Montana Gov. Steve Bullock told the Western Governors' Association in Las Vegas that expanding a U.S. government pre-clearance program would serve two purposes.
"First, it enhances national security by keeping potential terrorists from even arriving on U.S.," he said. "Second, it encourages tourists to travel to the U.S. by reducing the hassle and wait times at customs checkpoints" when they arrive.
Security was a key issue for Bullock, a Democrat, and the Republican governors of Wyoming, Idaho and Nevada during the conference at the Four Seasons resort.
But Bullock said the resolution endorsed by governors of 15 of the 19 states, with some ballots still pending, was in the works long before a mass shooting Wednesday in nearby Southern California killed 14 people and wounded 21 at a holiday event at a government office in San Bernardino. The husband-and-wife assailants, who had ties to Pakistan, were killed in a shootout with police.
The governors' resolution asks U.S. customs and immigration authorities to put screeners at airports in Belgium, the Dominican Republic, Japan, the Netherlands, Norway, Spain, Sweden, Turkey and England. It notes that screeners are currently stationed at 15 airports in Ireland, Canada, Aruba, the Bahamas, Bermuda and the United Arab Emirates
The governors also approved resolutions calling for federal funding for sustainable forest management in the West, implementation of the 2014 Farm Bill and safe transportation of defense-related radioactive waste.
Wyoming Gov. Matt Mead, association chairman, called security the No. 1 priority for governors of every state, not just the 19 members of the association, also including Alaska, Arizona, California, Colorado, Hawaii, Kansas, Nebraska, New Mexico, North Dakota, Oklahoma, Oregon, South Dakota, Texas, Utah and Washington.
"You can't think of security of any individual state without thinking of the security of the country as a whole," Mead said, adding that he expected the larger and separate National Governors Association might address the issue.
Nevada Gov. Brian Sandoval offered prayers and condolences to people affected by the shooting and pointed to preparations being made for New Year's Eve events including fireworks expected to draw up to 350,000 people to the Las Vegas Strip. Sandoval said 1,500 law enforcement officials and the National Guard will be involved.
"We have to be extremely vigilant how we protect our visitors (and) how we protect our residents," he said.
U.S. Interior Secretary Sally Jewell focused during a keynote speech on issues including drought, wildfires, species protection and abandoned mines. She urged states to continue working with federal officials to address them.

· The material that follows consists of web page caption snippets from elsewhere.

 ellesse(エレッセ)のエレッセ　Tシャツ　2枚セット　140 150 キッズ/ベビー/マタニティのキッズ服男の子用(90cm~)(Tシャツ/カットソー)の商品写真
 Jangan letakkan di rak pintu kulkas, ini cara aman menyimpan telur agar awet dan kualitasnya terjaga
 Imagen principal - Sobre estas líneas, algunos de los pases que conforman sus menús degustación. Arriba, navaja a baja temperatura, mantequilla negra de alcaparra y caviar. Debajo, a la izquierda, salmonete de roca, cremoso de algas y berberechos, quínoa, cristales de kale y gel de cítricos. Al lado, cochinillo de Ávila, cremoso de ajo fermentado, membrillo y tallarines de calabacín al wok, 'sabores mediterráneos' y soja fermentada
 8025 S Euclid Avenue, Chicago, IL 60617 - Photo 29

Jewell said adopting rules this year to protect habitat for the greater sage grouse in 11 Western states, rather than declare the chicken-sized bird an endangered species, was one example of cooperation.

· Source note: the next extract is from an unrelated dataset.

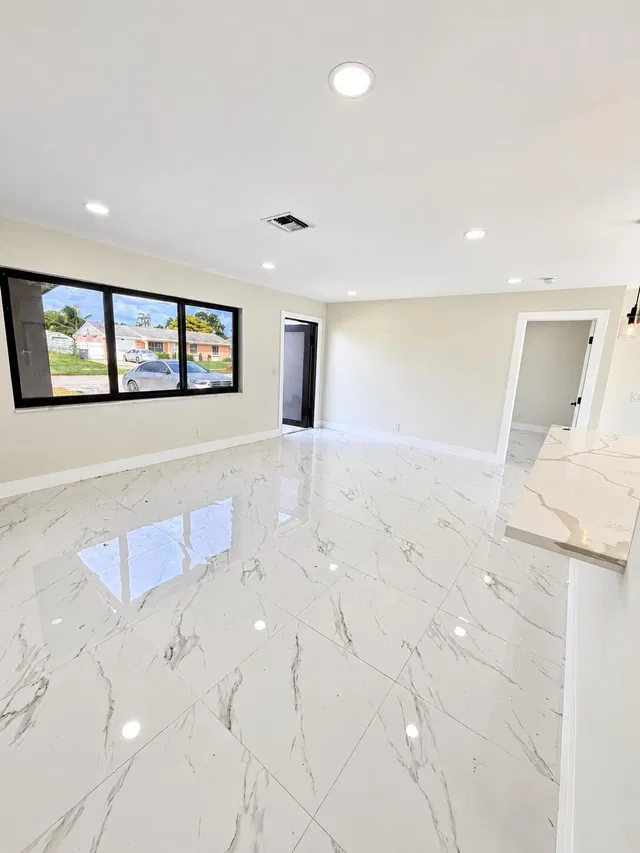 Residence photo 3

The nation's top land manager acknowledged the breadth of the regulations created lots of work for lawyers.
"But I will say that it's way better than a listing," she said. "It provides certainty to developers ... states ... and the conservation community as well."
Jewell and Sandoval met separately and reached agreement to use new maps of sage grouse habitat in Nevada to correct inaccuracies that showed the birds living near urban areas in Reno and Sparks — stopping plans for a badly needed school and a veterans' cemetery.
The budget-busting cost of fighting wildfires was another burning issue during the twice-yearly governors' meeting.
Robert Bonnie, a U.S. Department of Agriculture undersecretary, said the cost of fighting wildfires has exploded from about 16 percent of the U.S. Forest Service budget in the mid-1990s to more than half the agency budget in recent drought-stricken years.
Fires this year in Washington state and California were among the worst on record, and Idaho Gov. Butch Otter noted that the so-called Soda Fire in the southwest of his state burned nearly 450 square miles.
States are calling for the federal government to classify severe wildfires as natural disasters for funding purposes.
Bonnie said the problem is that the Forest Service spent $3 billion of its $5 billion budget fighting fires that charred nearly 10 million acres in 2015, leaving few resources for needed forest management, research and recreation programs.